▸ TRY IT: Reproduce word for word every line from the one containing "House for rent" through the end of the listing below; omit the pictures.

▸ STORED DATA:
=-=-=-=-=

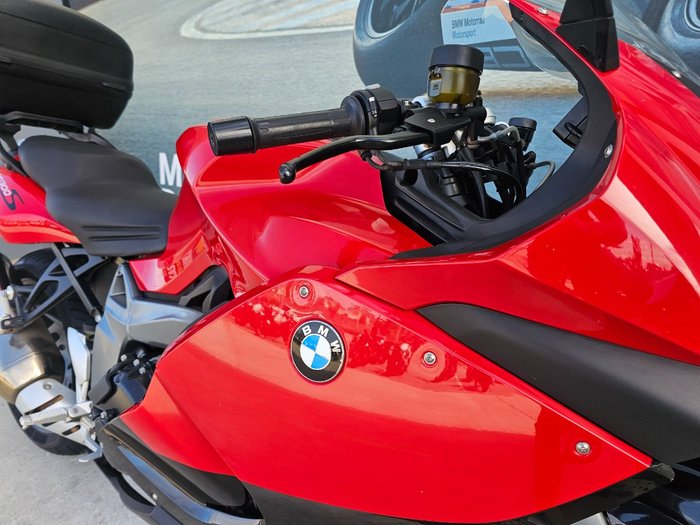 2011 BMW Motorrad K1300 S Red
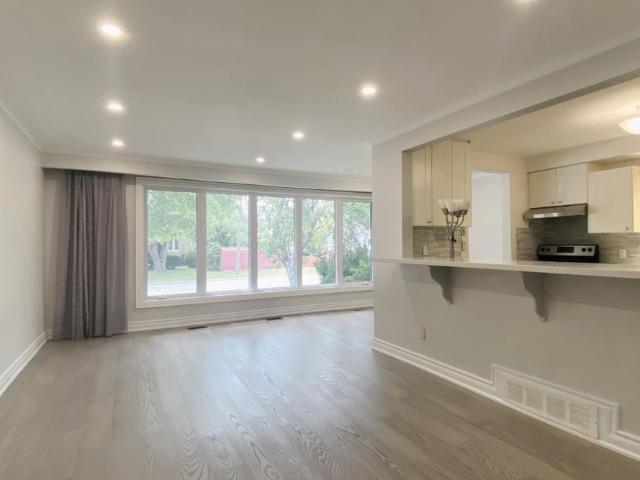 House for rent in Beverley Acres, Richmond Hill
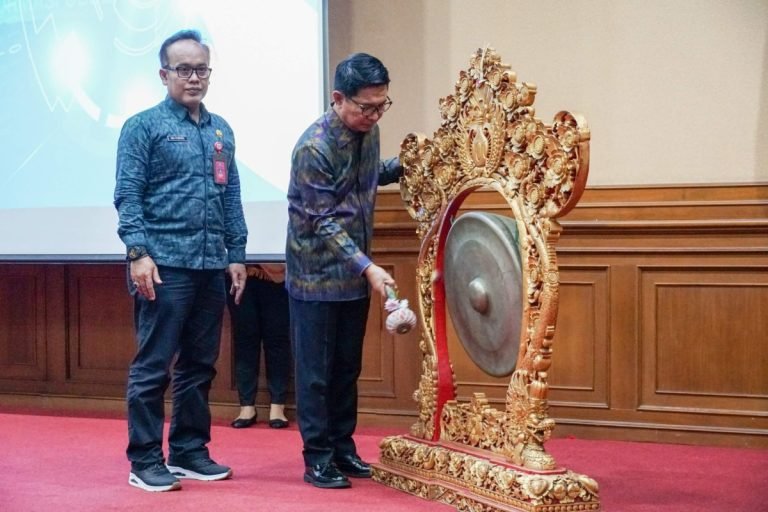 Sekda Badung Wayan Adi Arnawa membuka kegiatan Sosialisasi Barang Milik Daerah Tahun 2024 di Ruang Kertha Gosana, Puspem Badung, Jumat 3 Mei 2024.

=-=-=-=-=

▸ WRITTEN RESPONSE:
 House for rent in Beverley Acres, Richmond Hill
 Sekda Badung Wayan Adi Arnawa membuka kegiatan Sosialisasi Barang Milik Daerah Tahun 2024 di Ruang Kertha Gosana, Puspem Badung, Jumat 3 Mei 2024.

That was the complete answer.